(RECORDS begins)
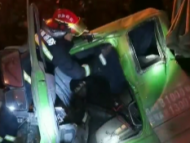 合肥: 渣土車與半掛車相撞 一司機被困（視頻）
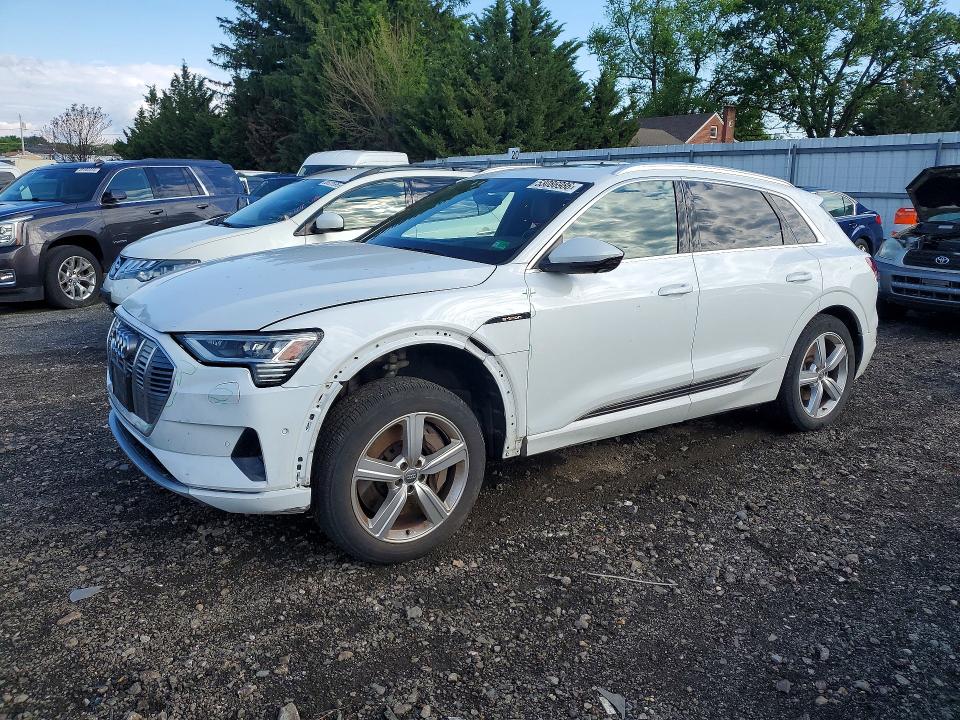 Продаж на аукціоні авто 2019 Audi E-tron, vin: WA1VABGE1KB017214, номер лоту: 53086986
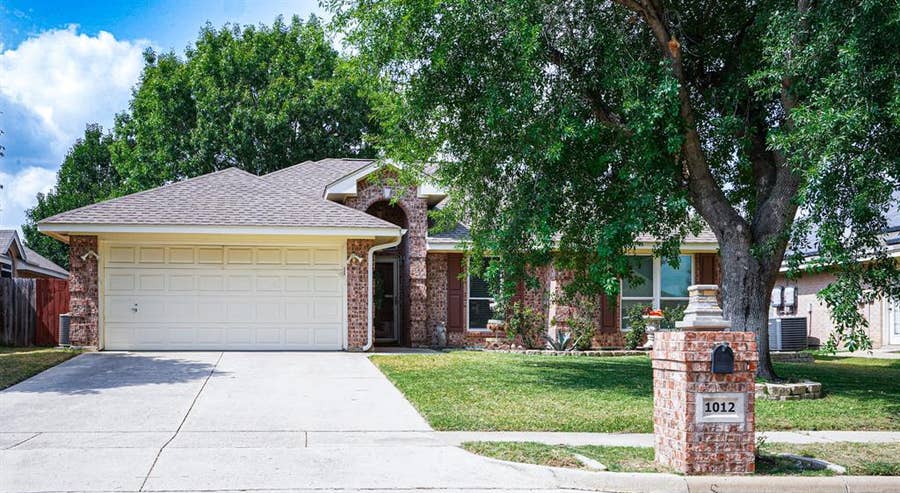 Property photo for 1012 Kingsley Drive, Saginaw, TX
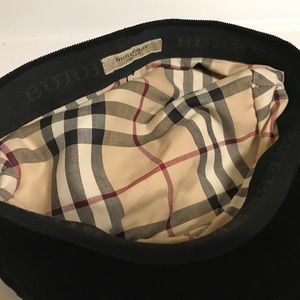Burberry hat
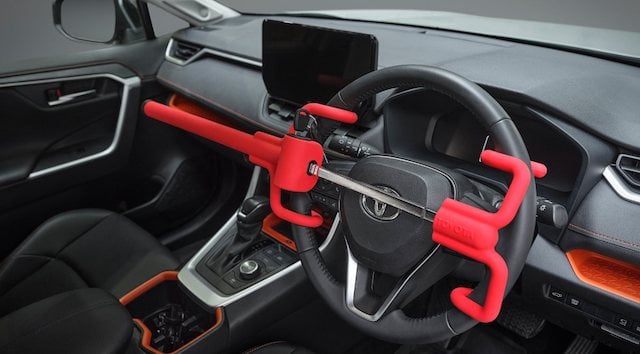 Steering wheel lock
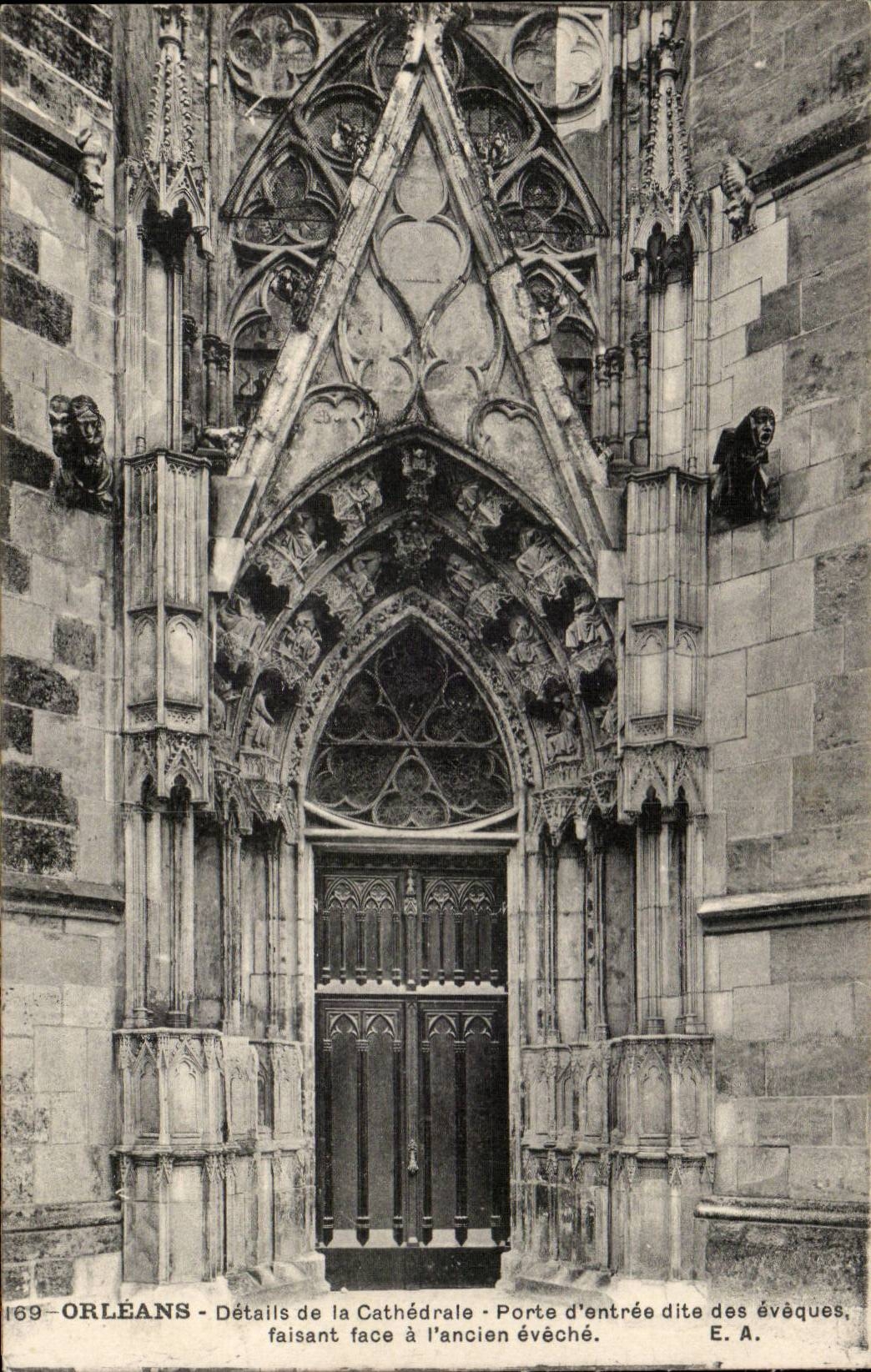 Orleans - Details de la Cathedrale - Porte d'Entree - CPA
(RECORDS ends)
Copy every line above exactly, leaving no picture in the copy.

WRITTEN SOLUTION →
 合肥: 渣土車與半掛車相撞 一司機被困（視頻）
 Продаж на аукціоні авто 2019 Audi E-tron, vin: WA1VABGE1KB017214, номер лоту: 53086986
 Property photo for 1012 Kingsley Drive, Saginaw, TX
Burberry hat
 Steering wheel lock
 Orleans - Details de la Cathedrale - Porte d'Entree - CPA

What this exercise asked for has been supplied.